Some of that is because Democratic progressive talk radio in the early part of the century, with Air America, didn’t really work. For a certain set of donors, that was a formative experience. The key difference is that Republican donors view their media operations more as political investments than as profit engines. Pick a digital right-wing outlet that started in the last 10 years and there’s a Republican billionaire behind it.

Sean Illing

And it’s been worth every damn penny for them.

Dan Pfeiffer

Oh, yeah, look at their tax cuts.

Sean Illing

What’s the biggest thing Democrats can learn from what went wrong in 2021?

Dan Pfeiffer

So if you look at the gubernatorial election in Virginia, the biggest problem with the [Terry] McAuliffe campaign was that it treated voters like idiots.

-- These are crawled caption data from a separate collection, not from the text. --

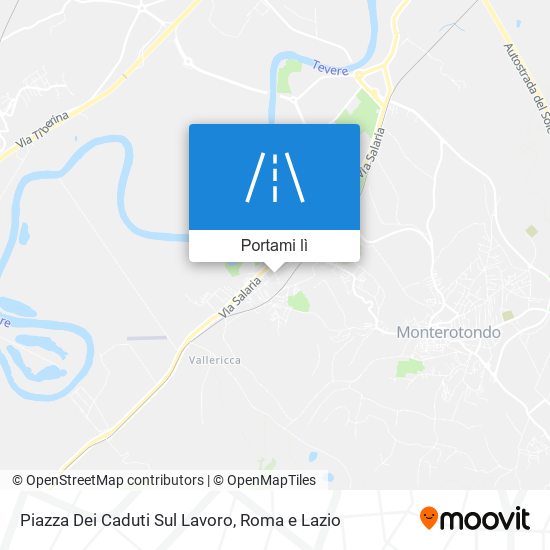 Mappa Piazza Dei Caduti Sul Lavoro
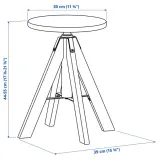 ikea-rudstorp-stolek-czarny-44-55-cm-stan-nowy
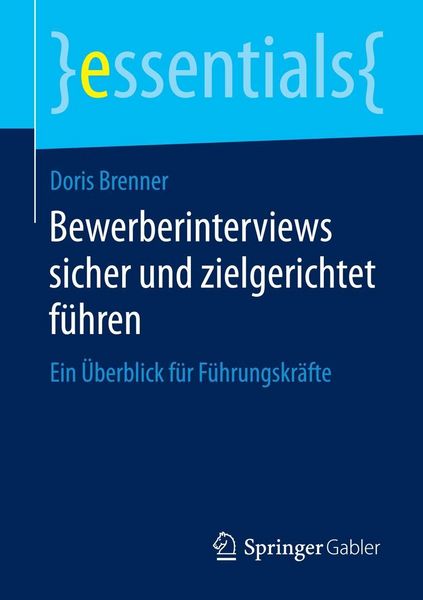 Produktbild: Bewerberinterviews sicher und zielgerichtet f&uuml;hren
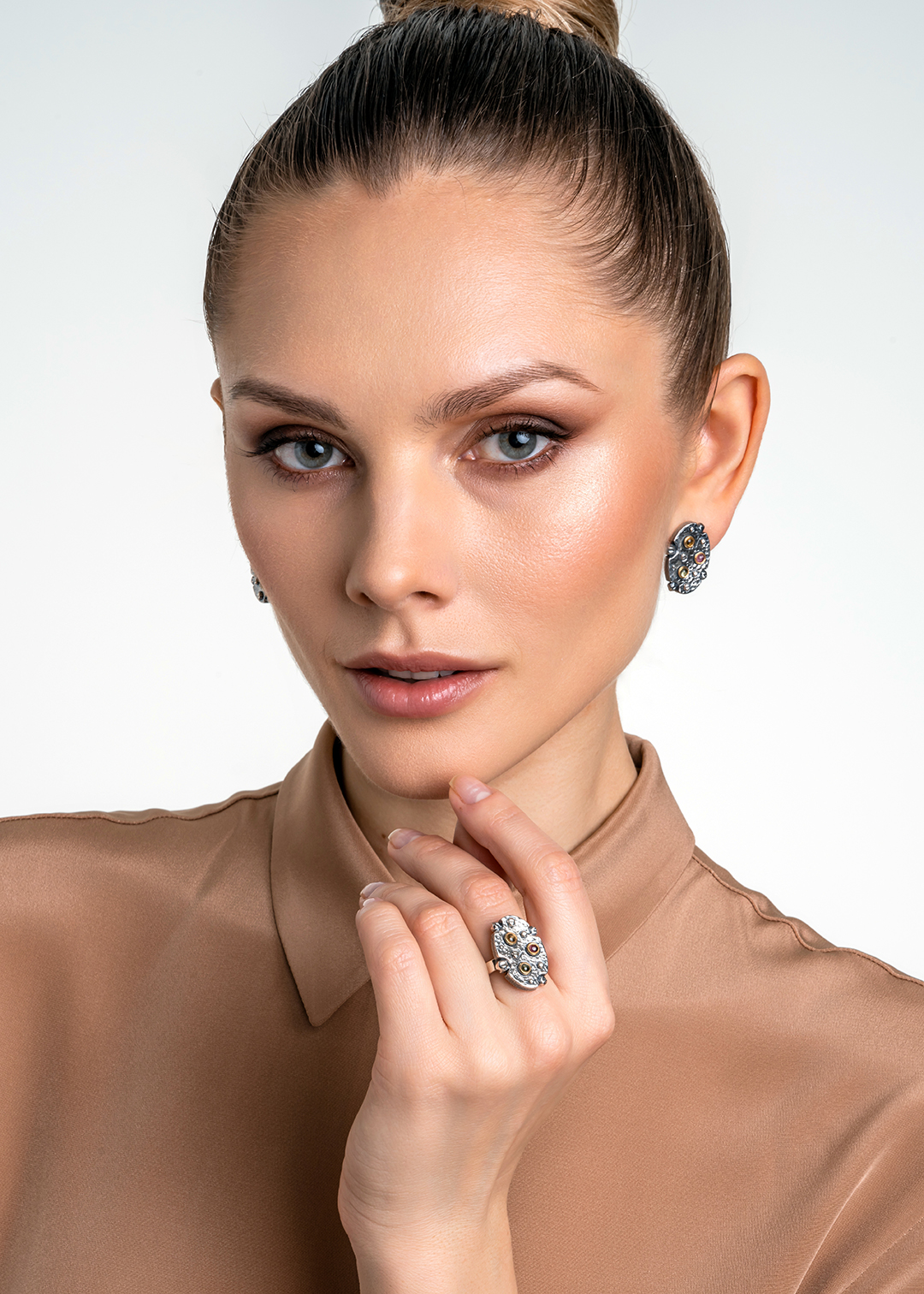 Серьги из серебра с камнем турмалин | Ювелирные украшения Sarkissian - фото 16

Glenn Youngkin was endorsed by Trump. He’s adhered to a lot of Trump’s views. He believed, or least said he believed, the “Big Lie.” But there was nothing about him that made people think he was Trump. He was not an obvious MAGA candidate. And that was pretty obvious to voters. And when you go around calling him Glenn Trumpkin, or saying the night before the election that if Glenn Youngkin wins this race, Donald Trump will announce for president the next day, you’re treating voters like idiots.

One of the takeaways from that election was that talking about Trump doesn’t work — but in my view, that’s the wrong takeaway. I don’t think not talking about Trump is an option. He is the leader of the Republican Party. He is pushing them toward an open plot to steal the 2024 election. He is planning on running for president. He’ll likely announce that a few months after the 2022 election, so we have to talk about him.

Obviously, the California recall election isn’t a perfect model for the rest of the country, but I think there are some things to look at there about how to run. Gavin Newsom did just as well in 2021 as he did in 2018. It was almost the exact same margin in this apocalyptic year for Democrats as it was in a year that was perfect for Democrats. What I took from that is that we shouldn’t call whatever candidate they put forward another Trump, but we should frame the Republicans as Trumpists. We should say that they are part of this dangerous movement that brought this coalition together to take the House, the Senate, and the White House.